Well, not actually. Instead, the Washington Post‘s headline says “U.S. Web-Tracking Plan Stirs Privacy Fears.” The story is about the reversal of an ill-conceived policy adopted nine years ago to limit the use of cookies on federal Web sites.

A cookie is a short string of text that a server sends a browser when the browser accesses a Web page. Cookies allow servers to recognize returning users so they can serve up customized, relevant content, including tailored ads. Think of a cookie as an eyeball – who do you want to be able to see that you visited a Web site?

Your browser lets you control what happens with the cookies offered by the sites you visit. You can issue a blanket refusal of all cookies, you can accept all cookies, and you can decide which cookies to accept based on who is offering them. Here’s how:

  • Internet Explorer: Tools > Internet Options > “Privacy” tab > “Advanced” button: Select “Override automatic cookie handling” and choose among the options, then hit “OK,” and next “Apply.”

I recommend accepting first-party cookies – offered by the sites you visit – and blocking third-party cookies – offered by the content embedded in those sites, like ad networks. Or ask to be prompted about third-party cookies just to see how many there are on the sites you visit.
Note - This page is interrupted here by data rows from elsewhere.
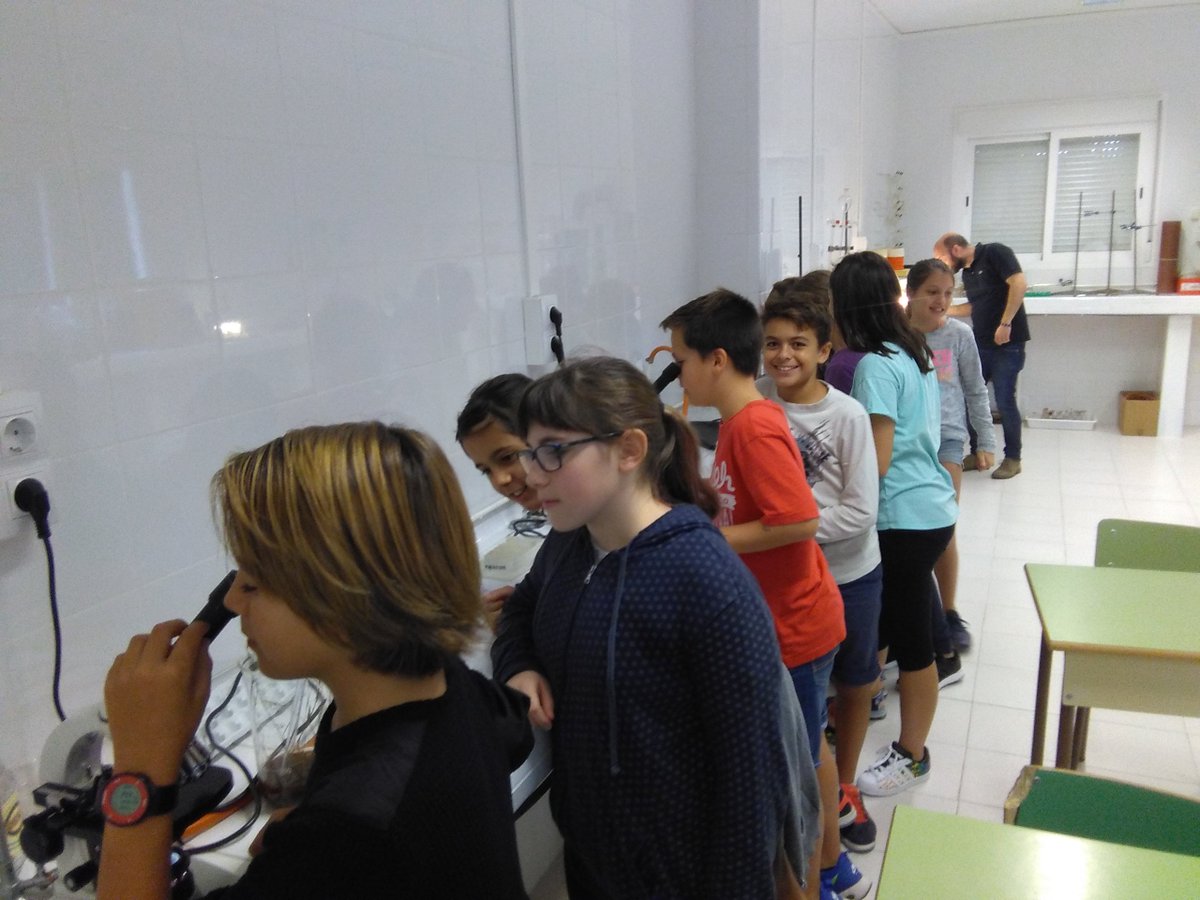 cide1966's tweet photo. A 6èA d'EP han observat teixits de cèl·lules vives,protozous,paramecis...en una activitat dirigida pels alumnes de secundària al laboratori. https://t.co/7AmrxRDsDe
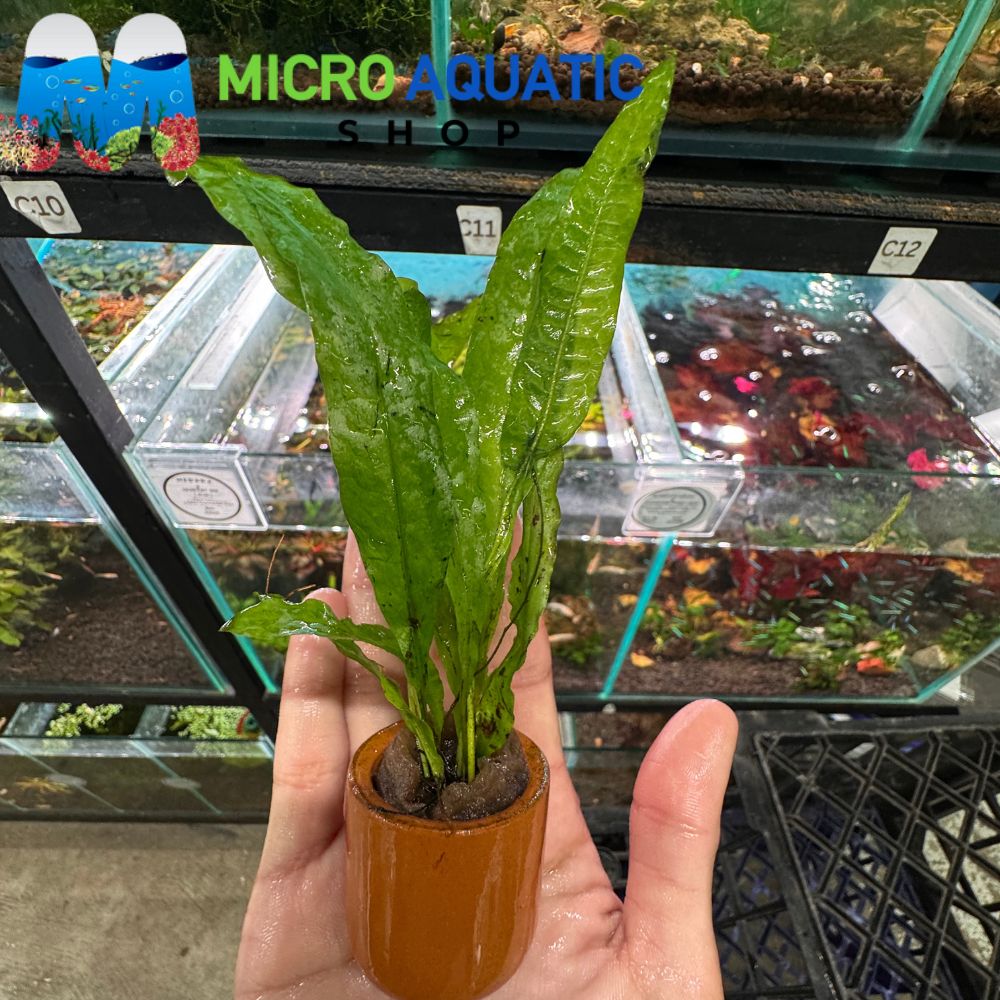 Easy Plant - Java Fern in Terracotta Pot 3cm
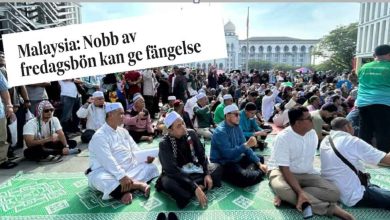 1487335 default 1CZ3aJ Q1qgb2 2 1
If you want to block or allow specific sites, select the “Sites” button to do so. If you selected “Prompt” in cookie handling, your choices will populate the “Sites” list.

  • Firefox: Tools > Options > “Privacy” tab: In the “cookies” box, choose among the options, then hit “OK.”
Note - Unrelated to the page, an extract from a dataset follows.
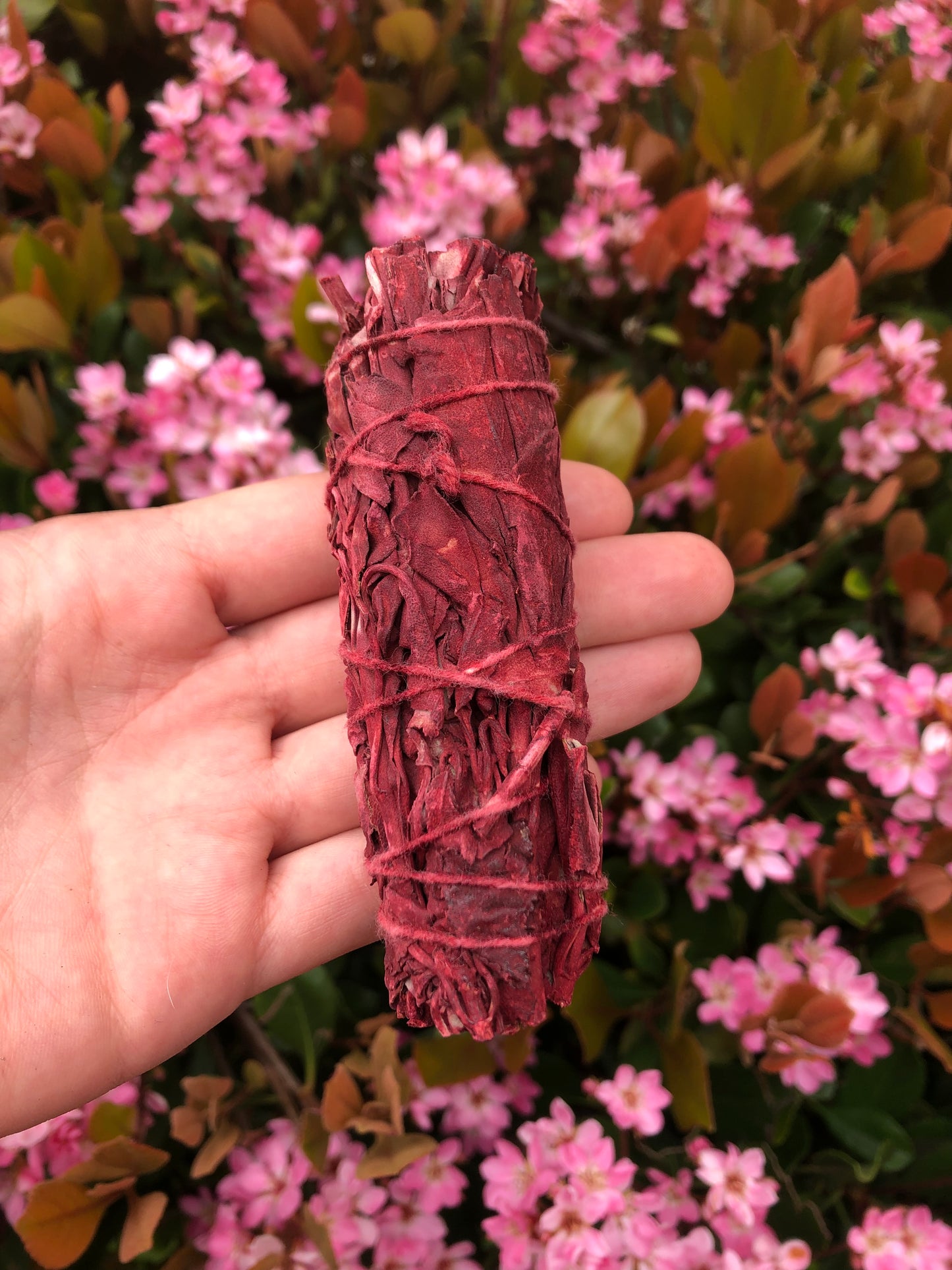 Dragon's Blood Sage Smudge Stick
I recommend checking “Accept cookies from sites” and leaving unchecked “Accept third party cookies.” Click the “Exceptions” button to give site-by-site instructions.
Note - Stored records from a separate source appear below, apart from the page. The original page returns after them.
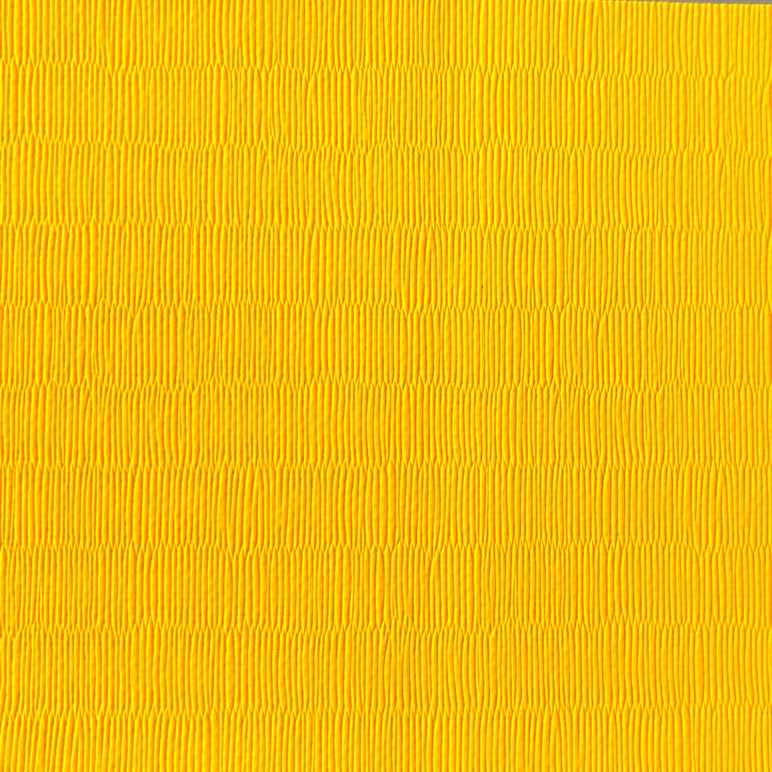 TATAMIS VINYLES DESSOUS NUS 200 x 100cm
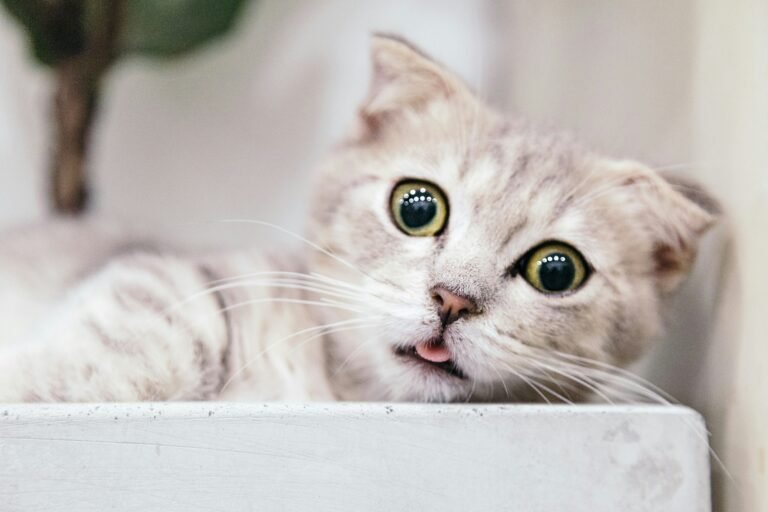 Signs of Stress in Cats: What to Look For and What to Do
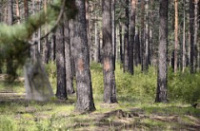 В лесах Тутаевского района обнаружили тела двух пропавших местных жителей
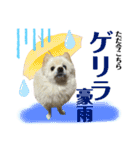 デカ文字①！ポメラニアン達と黒猫さん（個別スタンプ：27）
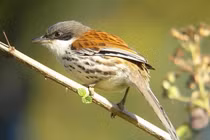 Ngắm loài chim quý hiếm bậc nhất hành tinh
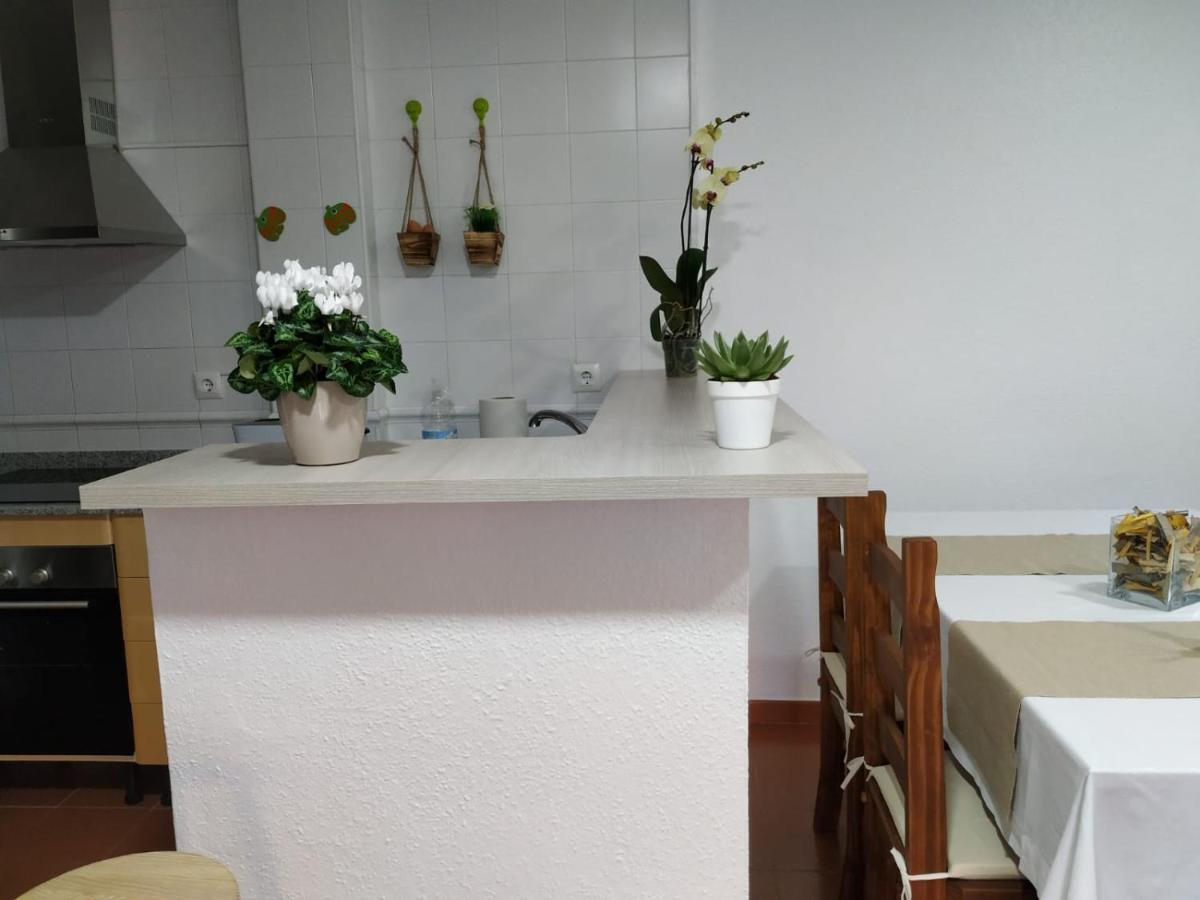 Apartamento Vista Mar La Tortuga 타리파 외부 사진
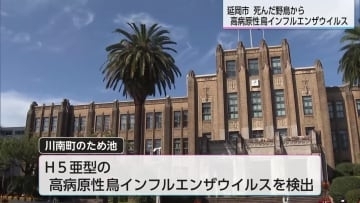 県が防疫の強化呼びかけ　延岡市で死んだ野鳥から高病原性鳥インフルエンザウイルス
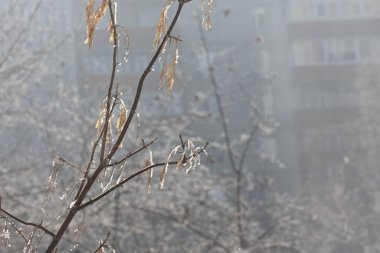 Kış sisli bir günde donmuş gölde karla kaplı ağaçlar.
Because you can control cookies, a government regulation restricting cookies is needless nannying. It may marginally protect you from government tracking – they have plenty of other methods, both legitimate and illegitimate – but it won’t protect you from tracking by others, including entities who may share data with the government.

The answer to the cookie problem is personal responsibility. Did you skip over the instructions above? The nation’s cookie problem is your fault.

If society lacks awareness of cookies, Microsoft (Internet Explorer), the Mozilla Foundation (Firefox), and producers of other browsers (Apple/Safari, Google/Chrome) might consider building cookie education into new browser downloads and updates. Perhaps they should set privacy-protective defaults. That’s all up to the community of Internet users, publishers, and programmers to decide, using their influence in the marketplace.

Artificially restricting cookies on federal Web sites needlessly hamstrings federal Web sites. When the policy was instituted it threatened to set a precedent for broader regulation of cookie use on the Web. Hopefully, the debate about whether to regulate cookies is over, but further ‘Net nannying is a constant offering of the federal government (and other elitists).

By moving away from the stultifying limitation on federal cookies, the federal government acknowledges that American grown-ups can and should look out for their own privacy.